The benchmark 30-year fixed-rate mortgage rose 4 basis points, to 6.32 percent, according to the Bankrate.com national survey of large lenders. A basis point is one-hundredth of 1 percentage point. The mortgages in this week’s survey had an average total of 0.34 discount and origination points. One year ago, the mortgage index was 6.44 percent; four weeks ago, it was 6.58 percent.
The benchmark 15-year fixed-rate mortgage rose 4 basis points, to 6 percent. The benchmark 5/1 adjustable-rate mortgage rose 11 basis points, to 6.41 percent. On larger loans, the benchmark 30-year jumbo rose 3 basis points, to 7.23 percent.
On Tuesday, the Federal Reserve cut the overnight federal funds rate by half a percentage point. The central bank explained that “the tightening of credit conditions has the potential to intensify the housing correction and to restrain economic growth more generally.”

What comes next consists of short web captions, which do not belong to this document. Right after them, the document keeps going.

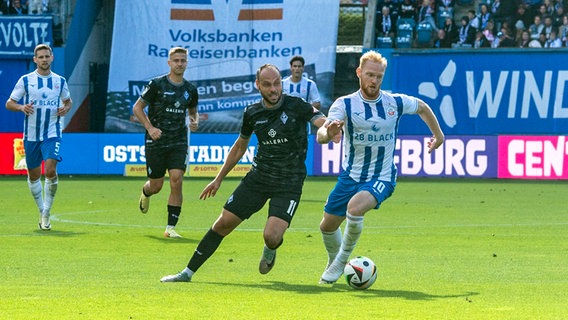 Rostocks Nils Fröling (r.) im Zweikampf mit Mannheims Rico Benatelli © Imago Images 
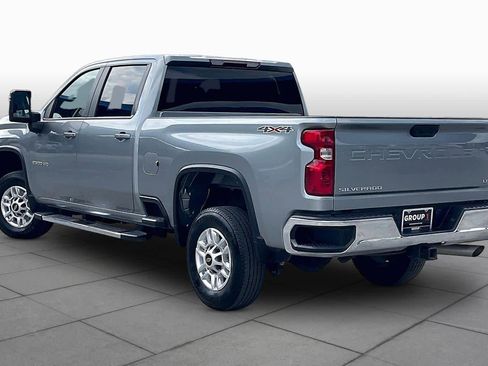 Used 2025 Chevrolet Silverado 2500 LT w/ Convenience Package image 12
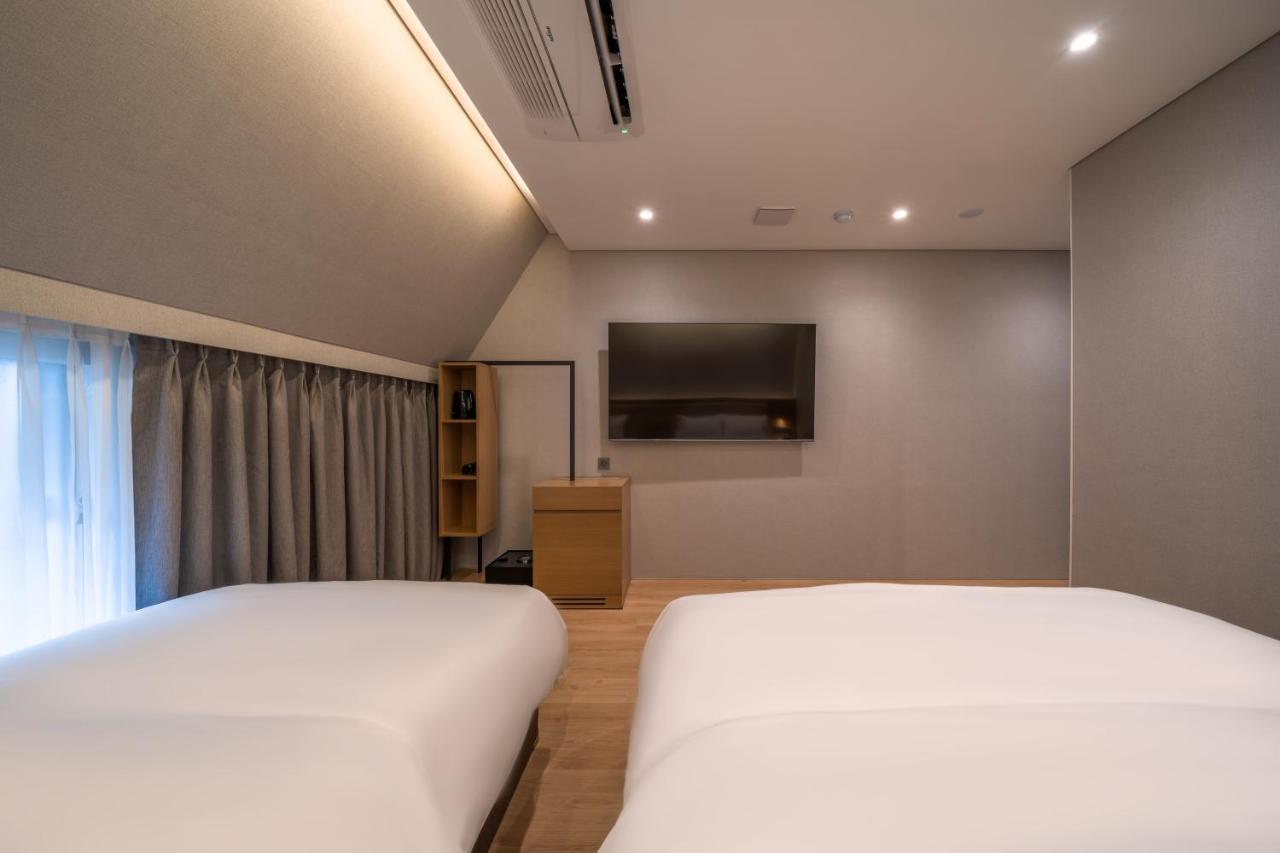 Hotel Comfort Yeouido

The Fed’s goal wasn’t to send mortgage rates lower. Among other things, the central bank wanted to induce lenders to say yes more often — especially to jumbo borrowers, who have applied for mortgages greater than the conforming limit of $417,000. In the past month, lenders have become more reluctant to extend jumbo mortgages because investors are scared of buying packages of jumbo loans. Investors, both domestic and foreign, are not sure about the quality of the loans out there. That’s what has frozen up the jumbo market, and observers believe the Fed was trying to thaw it out.
“I think the Fed took an aggressive stance here,” says Bob Walters, chief economist for Quicken Loans. The central bank, Walters says, showed clear concern over what’s happening in credit markets, the housing market and the overall economy.
So why did mortgage rates go up this week, instead of heading down? Mortgage rates got ahead of the Fed, that’s all. Two months ago, the benchmark rate on the 30-year fixed was 6.82 percent. Not long after, investors started to get clued in that the Fed really might cut short-term rates — and mortgage rates have fallen in six of the nine weeks since then.
How much did rates fall since that mid-July peak? Last week, they had fallen 54 basis points. This week, the Fed cut short-term rates by 50 basis points, and the 30-year fixed went up 4.
In other words, both the federal funds rate and the 30-year fixed have fallen by identical amounts in nine weeks. The Fed was just catching up.